Well, searching for "lisp infix notation" is not very convincing (unless I 
missed something?), compared to built-in infix support. You might prefer 
Lisp to C/C++, it's your choice, but I don't see any objective reason that 
one should stay away from C/C++. And Giac is a proof that one can actually 
write a CAS in C/C++, that compares very well with the Lisp-based CAS 
Maxima. 
Le jeudi 21 janvier 2021 à 18:07:14 UTC+1, dim...@gmail.com a écrit :

> On Wed, Jan 20, 2021 at 7:13 PM parisse <bernard...@ujf-grenoble.fr> 
> wrote:
> >
> > As the author of a CAS, I can state that you need much more than 2 weeks 
> to learn a programming language to make a CAS, and much much more if you 
> want to be fast. Life is short, therefore choose your programming language 
> carefully! I don't regret my choice for C (+ C++ STL and operator 
> redefinition) made 20 years ago, because C can interact with a lot of 
> languages (including compilation to Javascript). If I had to choose today, 
> I would perhaps choose Julia. Not Python, it's much too slow. I don't know 
> for Lisp speed, but it's not a language I would choose anyway, I like to 
> write e.g. a+b*c when I do algebraic computations in my source code.
>
> There are macro packages for infix maths in Common Lisp, so this by no
> means should be a deal-breaker for anyone.
>
> Needless to say, C++ has its own can of worms, which anyone who tried
> to used it might easily produce, as a reason to stay
> away from it.
>
> >
> > Le mercredi 20 janvier 2021 à 19:47:01 UTC+1, rjf a écrit :
> >>
> >> I think you have to figure that there is a difference in productivity 
> of people who just learned Python in high school and would really like to 
> write a computer algebra system
> >> versus people who know more mathematics, are comfortable spending 2 
> weeks learning lisp, spending ?? (weeks? months?) studying the state of the 
> art in
> >> computer algebra systems as evolved over 60 years, and want to 
> contribute to advancing the art (rather than re-programming the easy stuff).

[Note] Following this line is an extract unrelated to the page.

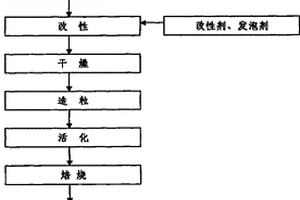 復(fù)合空氣凈化劑的制備方法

> >> I am under the impression that learning python is a reasonable stepping 
> stone to learning lisp.
> >>
> >> As far as checking results for various systems, there is a category of 
> CAS bugs that are syistem independent.
> >> That is, they occur in many systems! Sometimes they depend on secretly 
> dividing by zero, or doing something
> >> that is invalid at a singularity. So "Maple and Mathematica and ... all 
> agree" does not mean they are right!
> >>
> >> I think my essential point previously is that rewriting easy stuff (in 
> a different language) typically fails to push the frontier.
> >>
> >>
> >>
> >> On Wednesday, January 20, 2021 at 5:54:51 AM UTC-8 kcrisman wrote:
> >>>>
> >>>>
> >>>> As to the question of replacing backends, there is already a ticket 
> (which I cannot find right now, my apologies) which started the process of 
> seeing what doctests would fail if we went to Sympy as default. Presumably 
> something similar could be done with this engine (I don't know if it is 
> more for low-level symbolics or also things like integration).
> >>>
> >>>
> >>> In particular, the (very minimal) documentation (really an API is all) 
> makes it seems more a replacement for things like Ginac (already in C++), 
> not Maxima et al. I don't know if that would provide a noticeable speedup 
> per se, though the SageManifolds ticket mentioned parallelization so 
> perhaps it is better suited for that?